有新来的镖师问:“这小丫头片子是哪家的小娘子?”
“嘘,是李镖头家的闺女,云生镖局的大小姐。”
“小姐来做啥子?”
“小声点,听说咱们这大小姐脾气可不太好。”
李明琅一甩素白斗篷,分开熙熙攘攘的人群,步履如风直冲林师爷而去。
镖师和镖局里雇佣的打手、小厮为她气势所震,竟全都往两侧退开。待她走到近处,才看清这位声名在外的泼辣娘子,身形样貌都像一朵清丽白净的杏花。

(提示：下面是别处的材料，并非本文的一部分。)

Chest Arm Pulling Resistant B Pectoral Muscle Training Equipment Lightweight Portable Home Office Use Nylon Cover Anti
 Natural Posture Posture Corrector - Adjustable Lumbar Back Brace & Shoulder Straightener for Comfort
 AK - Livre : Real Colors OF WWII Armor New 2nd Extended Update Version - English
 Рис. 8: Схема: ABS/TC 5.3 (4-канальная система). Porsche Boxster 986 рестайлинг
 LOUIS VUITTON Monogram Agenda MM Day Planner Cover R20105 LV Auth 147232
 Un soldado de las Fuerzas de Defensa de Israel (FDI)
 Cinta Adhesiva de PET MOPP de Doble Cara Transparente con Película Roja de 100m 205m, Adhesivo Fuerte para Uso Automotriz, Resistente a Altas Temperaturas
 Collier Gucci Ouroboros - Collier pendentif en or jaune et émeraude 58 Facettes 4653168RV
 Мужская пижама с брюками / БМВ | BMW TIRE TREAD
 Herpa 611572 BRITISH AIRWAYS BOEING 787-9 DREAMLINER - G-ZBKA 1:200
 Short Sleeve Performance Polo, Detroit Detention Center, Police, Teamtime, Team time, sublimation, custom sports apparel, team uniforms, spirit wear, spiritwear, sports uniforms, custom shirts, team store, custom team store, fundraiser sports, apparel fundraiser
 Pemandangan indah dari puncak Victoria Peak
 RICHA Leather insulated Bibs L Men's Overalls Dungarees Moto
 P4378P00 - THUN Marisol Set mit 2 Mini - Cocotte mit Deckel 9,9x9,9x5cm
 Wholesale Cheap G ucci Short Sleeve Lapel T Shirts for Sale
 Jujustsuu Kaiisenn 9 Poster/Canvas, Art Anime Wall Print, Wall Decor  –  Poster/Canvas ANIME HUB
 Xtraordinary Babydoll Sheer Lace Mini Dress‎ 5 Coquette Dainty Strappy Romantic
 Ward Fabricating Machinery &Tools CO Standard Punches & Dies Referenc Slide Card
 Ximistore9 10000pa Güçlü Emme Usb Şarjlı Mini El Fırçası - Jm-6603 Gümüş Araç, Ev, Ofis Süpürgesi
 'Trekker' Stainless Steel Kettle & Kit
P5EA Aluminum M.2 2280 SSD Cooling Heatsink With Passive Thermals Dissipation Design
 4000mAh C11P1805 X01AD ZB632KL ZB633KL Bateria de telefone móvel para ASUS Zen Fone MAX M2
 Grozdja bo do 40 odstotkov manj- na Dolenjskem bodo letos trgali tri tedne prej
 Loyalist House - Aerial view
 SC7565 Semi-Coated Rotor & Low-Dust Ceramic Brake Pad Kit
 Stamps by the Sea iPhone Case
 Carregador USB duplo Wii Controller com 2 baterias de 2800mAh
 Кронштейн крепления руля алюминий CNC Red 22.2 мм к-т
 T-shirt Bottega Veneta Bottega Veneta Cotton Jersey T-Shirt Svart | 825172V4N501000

“琅姐儿。”林师爷站起来拱手,“什么风把你吹来镖局了?”
李明琅娇声笑了笑,随即脸色一寒:“我再不来镖局,恐怕再过两天云生镖局就要关门大吉了吧。”
难怪上辈子舅舅一家人把她家产业挥霍得如此之快,原来在她沉溺于爹娘去世的痛苦中时,竟还有这一档子事。
林师爷到底是李明琅的启蒙先生,最熟悉她的骄纵性子,闻言抹一抹额头的虚汗,老脸蜡黄,说道:“小姐你不知道,李镖头走后镖局接连丢了几桩大单子。银钱周转不过来,底下的镖师们也担心往后无镖可走,镖局会付不起酬劳……”
听到父亲的名字,李明琅心中一痛,她望一眼厅堂中点头附和的人们,心下了然。
大马金刀坐在一旁的张镖头清喝一声:“我倒是乐意留在云生镖局,李大哥刚走不久,人心就散了,说出去好不好笑?但我手下的弟兄都有妻小,他们也要吃饭。”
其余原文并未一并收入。